If they don't change their minds, sounds like a good Bible study to get out of...


----------



## Pergamum

fredtgreco said:


> I think it very likely that Paul spoke Latin. Most highly educated Roman citizens would speak Latin, Greek, and the language of their own "tribe." (in this case Hebrew)



Can you give any evidences? Does Paul use any Latinisms in his speeches, is there any tradition or other evidence for this possibility? Would this regimen (of learning Latin too) be a part of sitting at the feet of Gamelial?


----------



## Christusregnat

Pergamum said:


> fredtgreco said:
> 
> 
> 
> I think it very likely that Paul spoke Latin. Most highly educated Roman citizens would speak Latin, Greek, and the language of their own "tribe." (in this case Hebrew)
> 
> 
> 
> 
> Can you give any evidences? Does Paul use any Latinisms in his speeches, is there any tradition or other evidence for this possibility? Would this regimen (of learning Latin too) be a part of sitting at the feet of Gamelial?
Click to expand...


One evidence is that Paul is a Latin word, if memory serves. Thus, since his name is a Latinism, it is very likely he learned Latin. Since Christ specifically chose that he would preach the gospel to kings, it is without doubt that he would have known or had to learn the magisterial language of the Roman Empire.

Cheers,


----------



## wordmaster3

*Did Paul also speak Latin*

Though I can't be dogmatic about it, I would assume that Paul would be very familier with Latin (and any other common language within his missionary trips).


----------



## TimV

> Act 28:30 He lived there two whole years at his own expense, and welcomed all who came to him,
> Act 28:31 proclaiming the kingdom of God and teaching about the Lord Jesus Christ with all boldness and without hindrance.
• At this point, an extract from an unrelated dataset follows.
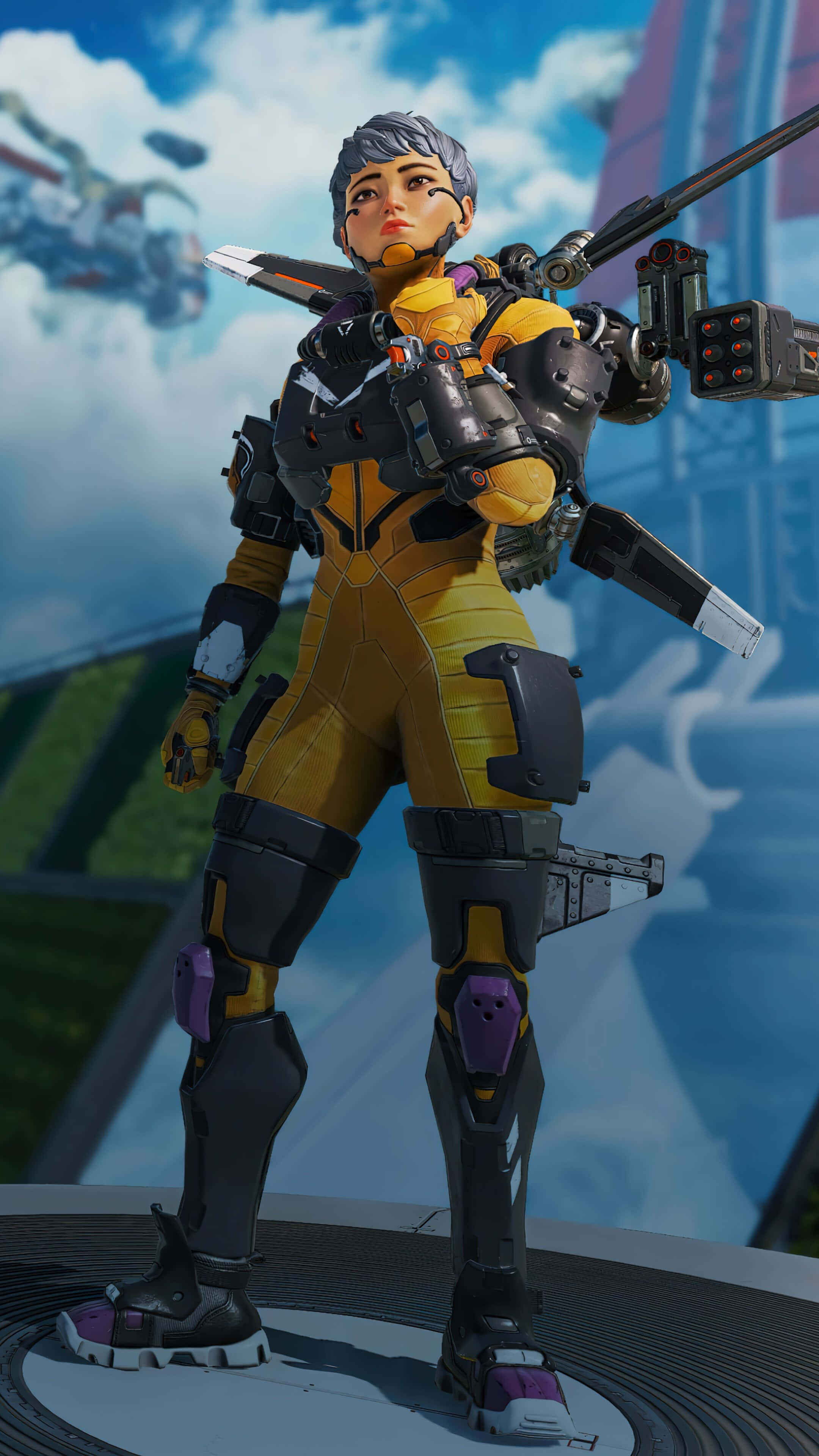 Apex 桌布 壁紙 — 一位身穿黃黑裝甲的未來女戰士，手持大型武器，以多雲的天空為背景，蓄勢待發。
If a highly educated American citizen born overseas who was a buisnessman and scholar lived for a minimum of two years in Washington, there'd not be much question as to whether he could speak English.


----------



## SolaScriptura

fredtgreco said:


> ... and the language of their own "tribe." (in this case Hebrew)
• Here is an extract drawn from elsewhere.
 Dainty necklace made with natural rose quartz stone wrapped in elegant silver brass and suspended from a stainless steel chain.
Not to quibble... but wasn't Aramaic the vernacular of the 1st Century Jews?


----------



## TimV

> Not to quibble... but wasn't Aramaic the vernacular of the 1st Century Jews?



Aramaic in the Palestine and surrounding areas, Persian farther east and Greek in Egypt and Anatolia. So Paul's upbringing would have been Hebrew (religious education) and Greek in daily life. I've read the Celtic and other vernaculars were mostly dead in eastern Anatolia at that time, so Paul's letters to, say, the Galatians would have been in Greek rather than Galatian.


----------



## bookslover

Paul could have learned Latin while growing up in Tarsus since his father, if memory serves, was a Roman citizen (implying having relationships and dealings with non-Jews in the Empire) as well as Paul.


----------



## glorifyinggodinwv

William Hendriksen discusses Paul's use of Latinisms in First Timothy in his introduction to that book in his New Testament Commentary (p. 10-12). I do not have the electronic version of Hendriksen, but someone who does may be able to post his comments and conclusions regarding Paul and Latin in the context of First Timothy. 

Discussing Paul's use of Latinism has led some to conclude a different author of First Timothy than Paul. Hendriksen affirms the traditional authorship, which I submit to, and counters: "Is it not entirely natural that a man who had at last reached the world's metropolis, where very recently he had spent not less than two years, a man, moreover, who was highly susceptible to environmental influences and eagerly desirous of becoming all things to all men, would now begin to make fuller use of "Roman" diction and phraseology than he had done heretofore?" (p.11)

Hendriksen, at least in this section, does not address directly Paul's ability to speak Latin, but focuses instead on the Latinisms in the letter, which lends some credibility to the idea of Paul speaking Latin.


----------